Hoard: a scalable memory allocator for multithreaded applications
Emery D. Berger, Kathryn S. McKinley, Robert D. Blumofe, Paul R. Wilson
Abstract
Parallel, multithreaded C and C++ programs such as web servers,
database managers, news servers, and scientific applications are
becoming increasingly prevalent. For these applications, the memory
allocator is often a bottleneck that severely limits program
performance and scalability on multiprocessor systems. Previous
allocators suffer from problems that include poor performance and
scalability, and heap organizations that introduce false
sharing. Worse, many allocators exhibit a dramatic increase in
memory consumption when confronted with a producer-consumer pattern
of object allocation and freeing. This increase in memory
consumption can range from a factor of P (the number of processors)
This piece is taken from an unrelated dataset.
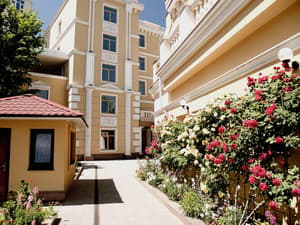 thumbnail: Courtyard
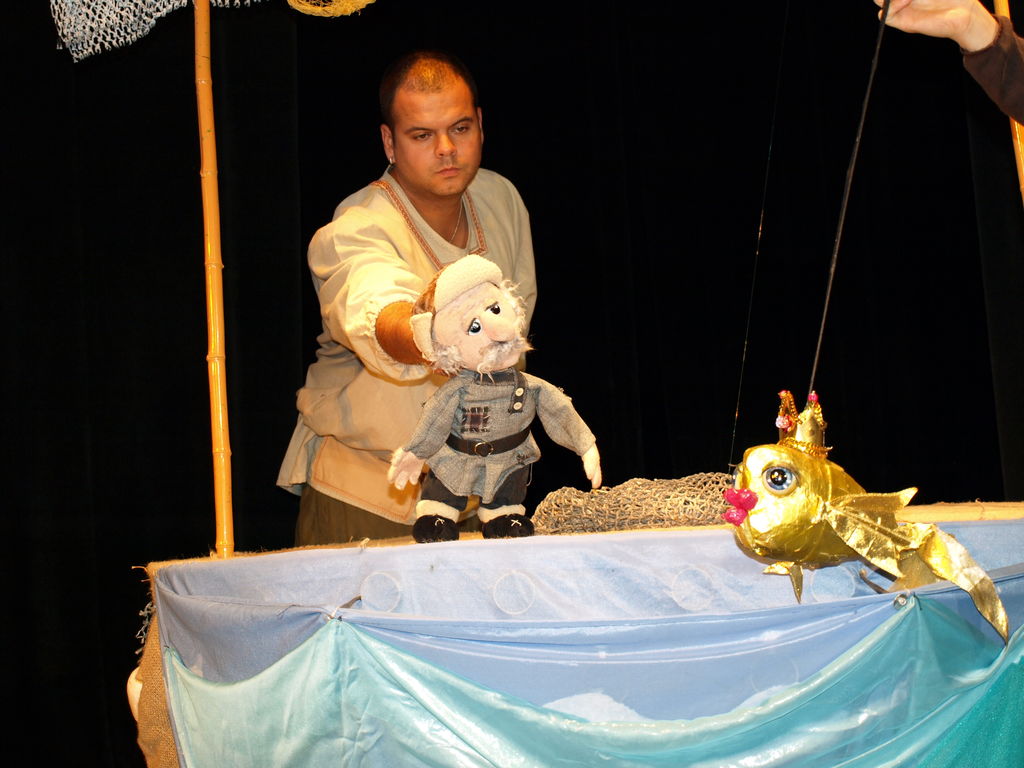 Рибарят и златната рибка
to unbounded memory consumption.
This paper
introduces Hoard, a fast, highly scalable allocator that largely
avoids false sharing and is memory efficient. Hoard is the first
allocator to simultaneously solve the above problems. Hoard
combines one global heap and per-processor heaps with a novel
discipline that provably bounds memory consumption and has very low
synchronization costs in the common case. Our results on eleven
programs demonstrate that Hoard yields low average fragmentation
and improves overall program performance over the standard Solaris
allocator by up to a factor of 60 on 14 processors, and up to a
factor of 18 over the next best allocator we tested.